And then comes the noble sentence of which I promised you that it should fall into its place:
You never enjoy the world aright till the sea itself floweth in your veins, till you are clothed with the heavens and crowned with the stars.
Man in short—you, I, any one of us—the heir of it all!
Tot circa unum caput tumultuantes deos!
Our best privilege to sing our short lives out in tune with the heavenly concert—and if to sing afterwards, then afterwards!
IV
But how shall Man ever attain to understand and find his proper place in this Universe, this great sweeping harmonious circle of which nevertheless he feels himself to be the diminutive focus? His senses are absurdly imperfect. His ear cannot catch any music the spheres make; and moreover there are probably neither spheres nor music. His eye is so dull an instrument that (as Blanco White's famous sonnet reminds us) he can neither see this world in the dark, nor glimpse any of the scores of others until it falls dark:
If Light can thus deceive, wherefore not Life?

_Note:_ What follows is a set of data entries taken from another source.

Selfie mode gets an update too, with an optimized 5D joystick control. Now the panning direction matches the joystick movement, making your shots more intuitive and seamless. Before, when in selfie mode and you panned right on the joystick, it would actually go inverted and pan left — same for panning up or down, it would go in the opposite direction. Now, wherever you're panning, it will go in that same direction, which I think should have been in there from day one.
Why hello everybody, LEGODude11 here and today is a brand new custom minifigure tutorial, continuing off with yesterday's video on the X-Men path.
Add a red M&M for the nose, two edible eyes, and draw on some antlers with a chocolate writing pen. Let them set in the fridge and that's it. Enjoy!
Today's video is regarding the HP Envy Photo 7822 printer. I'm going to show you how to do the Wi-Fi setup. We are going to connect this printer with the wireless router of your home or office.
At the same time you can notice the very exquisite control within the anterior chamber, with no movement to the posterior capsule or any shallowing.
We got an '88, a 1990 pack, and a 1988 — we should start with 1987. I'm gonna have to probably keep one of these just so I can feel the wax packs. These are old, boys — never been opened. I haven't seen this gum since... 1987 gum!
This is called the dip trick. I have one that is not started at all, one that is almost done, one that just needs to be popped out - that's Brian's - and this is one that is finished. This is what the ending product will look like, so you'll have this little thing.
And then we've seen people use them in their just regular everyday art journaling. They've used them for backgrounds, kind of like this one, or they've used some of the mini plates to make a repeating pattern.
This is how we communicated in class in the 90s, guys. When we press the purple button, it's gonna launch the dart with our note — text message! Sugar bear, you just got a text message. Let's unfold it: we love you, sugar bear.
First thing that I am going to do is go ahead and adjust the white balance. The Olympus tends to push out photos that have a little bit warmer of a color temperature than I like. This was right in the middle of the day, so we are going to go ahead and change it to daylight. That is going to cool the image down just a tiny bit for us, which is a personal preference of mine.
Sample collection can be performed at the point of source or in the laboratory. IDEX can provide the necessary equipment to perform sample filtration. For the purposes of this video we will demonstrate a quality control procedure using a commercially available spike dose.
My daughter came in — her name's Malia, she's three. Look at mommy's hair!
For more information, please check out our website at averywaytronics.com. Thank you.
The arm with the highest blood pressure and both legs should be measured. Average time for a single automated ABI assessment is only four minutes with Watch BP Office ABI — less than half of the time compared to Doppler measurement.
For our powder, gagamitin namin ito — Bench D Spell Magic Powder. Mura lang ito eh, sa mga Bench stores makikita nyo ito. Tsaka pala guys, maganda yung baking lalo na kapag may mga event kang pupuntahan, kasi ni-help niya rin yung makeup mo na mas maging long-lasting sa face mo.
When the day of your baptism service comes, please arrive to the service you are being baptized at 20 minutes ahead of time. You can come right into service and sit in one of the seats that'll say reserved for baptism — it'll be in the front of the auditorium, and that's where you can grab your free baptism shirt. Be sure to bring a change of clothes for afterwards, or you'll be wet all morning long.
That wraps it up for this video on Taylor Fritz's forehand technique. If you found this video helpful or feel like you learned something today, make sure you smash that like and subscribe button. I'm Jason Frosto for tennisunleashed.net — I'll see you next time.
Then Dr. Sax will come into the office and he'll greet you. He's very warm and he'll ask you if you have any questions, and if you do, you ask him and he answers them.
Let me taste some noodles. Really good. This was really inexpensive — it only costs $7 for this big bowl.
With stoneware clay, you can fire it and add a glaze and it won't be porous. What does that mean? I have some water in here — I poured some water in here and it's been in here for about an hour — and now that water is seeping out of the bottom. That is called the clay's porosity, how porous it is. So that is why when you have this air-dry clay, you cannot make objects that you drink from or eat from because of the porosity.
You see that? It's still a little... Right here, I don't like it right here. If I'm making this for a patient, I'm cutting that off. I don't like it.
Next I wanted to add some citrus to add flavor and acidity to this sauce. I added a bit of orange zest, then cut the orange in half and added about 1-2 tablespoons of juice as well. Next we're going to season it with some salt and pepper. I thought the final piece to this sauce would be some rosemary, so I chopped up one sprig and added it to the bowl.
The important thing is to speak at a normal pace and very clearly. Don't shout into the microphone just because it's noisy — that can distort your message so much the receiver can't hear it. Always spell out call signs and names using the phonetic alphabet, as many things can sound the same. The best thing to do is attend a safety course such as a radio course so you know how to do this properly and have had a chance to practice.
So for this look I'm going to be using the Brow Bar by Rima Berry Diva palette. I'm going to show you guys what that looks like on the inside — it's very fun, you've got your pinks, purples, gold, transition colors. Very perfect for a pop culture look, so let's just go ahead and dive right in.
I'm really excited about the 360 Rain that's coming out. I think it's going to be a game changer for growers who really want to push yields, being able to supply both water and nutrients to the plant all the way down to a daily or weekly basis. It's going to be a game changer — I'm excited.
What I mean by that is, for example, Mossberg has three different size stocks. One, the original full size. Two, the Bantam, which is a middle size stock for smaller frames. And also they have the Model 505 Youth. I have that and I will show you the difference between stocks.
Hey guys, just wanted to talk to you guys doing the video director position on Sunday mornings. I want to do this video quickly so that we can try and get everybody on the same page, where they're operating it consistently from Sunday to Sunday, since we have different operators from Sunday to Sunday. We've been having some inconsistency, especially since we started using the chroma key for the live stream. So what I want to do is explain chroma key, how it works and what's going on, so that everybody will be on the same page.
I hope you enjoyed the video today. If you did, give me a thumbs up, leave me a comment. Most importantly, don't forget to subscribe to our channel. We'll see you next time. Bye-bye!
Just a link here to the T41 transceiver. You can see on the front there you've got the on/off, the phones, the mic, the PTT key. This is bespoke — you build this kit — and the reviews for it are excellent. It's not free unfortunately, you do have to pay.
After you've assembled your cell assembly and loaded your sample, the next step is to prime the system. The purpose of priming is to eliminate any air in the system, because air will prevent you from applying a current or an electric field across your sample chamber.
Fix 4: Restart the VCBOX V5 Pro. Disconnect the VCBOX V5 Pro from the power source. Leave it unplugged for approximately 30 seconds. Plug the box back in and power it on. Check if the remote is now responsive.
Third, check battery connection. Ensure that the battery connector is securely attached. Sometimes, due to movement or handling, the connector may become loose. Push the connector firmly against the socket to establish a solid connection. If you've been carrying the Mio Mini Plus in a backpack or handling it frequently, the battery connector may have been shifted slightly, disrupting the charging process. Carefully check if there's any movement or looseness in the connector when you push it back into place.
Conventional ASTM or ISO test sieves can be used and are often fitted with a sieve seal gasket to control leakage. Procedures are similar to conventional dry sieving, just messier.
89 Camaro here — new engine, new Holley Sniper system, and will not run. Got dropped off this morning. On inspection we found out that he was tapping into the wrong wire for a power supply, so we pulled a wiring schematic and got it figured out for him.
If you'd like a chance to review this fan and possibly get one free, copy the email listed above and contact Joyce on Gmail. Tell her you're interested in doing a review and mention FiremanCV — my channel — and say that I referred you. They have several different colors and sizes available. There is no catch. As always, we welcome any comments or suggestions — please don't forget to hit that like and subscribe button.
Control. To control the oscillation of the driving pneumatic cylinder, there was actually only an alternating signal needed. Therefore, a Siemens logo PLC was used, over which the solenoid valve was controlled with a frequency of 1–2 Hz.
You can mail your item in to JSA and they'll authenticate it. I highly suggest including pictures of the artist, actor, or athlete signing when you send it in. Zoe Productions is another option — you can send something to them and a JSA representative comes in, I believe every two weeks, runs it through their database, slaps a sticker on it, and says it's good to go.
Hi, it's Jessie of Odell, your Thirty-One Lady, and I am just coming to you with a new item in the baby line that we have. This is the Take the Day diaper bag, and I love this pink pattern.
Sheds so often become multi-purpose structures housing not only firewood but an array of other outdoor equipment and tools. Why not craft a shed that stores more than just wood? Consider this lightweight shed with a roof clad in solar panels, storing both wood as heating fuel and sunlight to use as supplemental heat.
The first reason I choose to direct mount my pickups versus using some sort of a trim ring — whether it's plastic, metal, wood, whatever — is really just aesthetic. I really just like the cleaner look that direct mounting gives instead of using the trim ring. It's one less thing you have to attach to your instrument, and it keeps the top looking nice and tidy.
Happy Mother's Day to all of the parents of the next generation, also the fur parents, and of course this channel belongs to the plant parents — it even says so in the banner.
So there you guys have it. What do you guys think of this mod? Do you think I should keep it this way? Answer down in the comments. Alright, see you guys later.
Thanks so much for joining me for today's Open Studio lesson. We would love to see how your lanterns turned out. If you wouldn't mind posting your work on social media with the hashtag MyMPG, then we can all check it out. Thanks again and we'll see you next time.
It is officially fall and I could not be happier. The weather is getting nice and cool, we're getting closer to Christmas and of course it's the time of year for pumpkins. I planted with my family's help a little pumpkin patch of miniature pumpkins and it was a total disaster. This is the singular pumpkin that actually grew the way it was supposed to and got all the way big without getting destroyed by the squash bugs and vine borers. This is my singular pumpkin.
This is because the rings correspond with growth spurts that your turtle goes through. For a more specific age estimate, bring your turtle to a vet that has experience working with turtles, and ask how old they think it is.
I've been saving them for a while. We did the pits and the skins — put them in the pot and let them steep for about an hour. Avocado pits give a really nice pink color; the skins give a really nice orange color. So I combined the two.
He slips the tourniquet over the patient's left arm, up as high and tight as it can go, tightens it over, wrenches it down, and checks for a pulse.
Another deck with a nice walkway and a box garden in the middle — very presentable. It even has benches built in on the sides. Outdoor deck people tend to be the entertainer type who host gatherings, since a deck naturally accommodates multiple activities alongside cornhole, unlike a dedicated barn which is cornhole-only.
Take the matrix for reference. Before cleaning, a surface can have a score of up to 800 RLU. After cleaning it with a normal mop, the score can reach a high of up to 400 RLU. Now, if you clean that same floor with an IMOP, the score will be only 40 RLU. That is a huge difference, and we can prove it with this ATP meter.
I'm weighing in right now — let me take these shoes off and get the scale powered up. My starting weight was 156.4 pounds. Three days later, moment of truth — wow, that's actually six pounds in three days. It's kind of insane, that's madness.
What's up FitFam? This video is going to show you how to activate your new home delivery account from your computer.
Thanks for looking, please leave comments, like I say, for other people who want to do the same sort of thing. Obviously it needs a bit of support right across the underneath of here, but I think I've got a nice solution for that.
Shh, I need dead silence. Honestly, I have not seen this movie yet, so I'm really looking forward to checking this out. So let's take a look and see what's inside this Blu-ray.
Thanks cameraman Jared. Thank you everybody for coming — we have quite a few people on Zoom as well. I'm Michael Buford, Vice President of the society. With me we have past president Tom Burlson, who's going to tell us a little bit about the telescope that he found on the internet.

Yet the Universal Harmony is meaningless and nothing to man save in so far as he apprehends it: and lacking him (so far as he knows) it utterly lacks the compliment of an audience. Is all the great orchestra designed for nothing but to please its Conductor? Yes, if you choose: but no, as I think. And here my other quotation:
That all spirit is mutually attractive, as all matter is mutually attractive, is an ultimate fact…. Spirit to spirit— as in water face answereth to face, so the heart of man to man.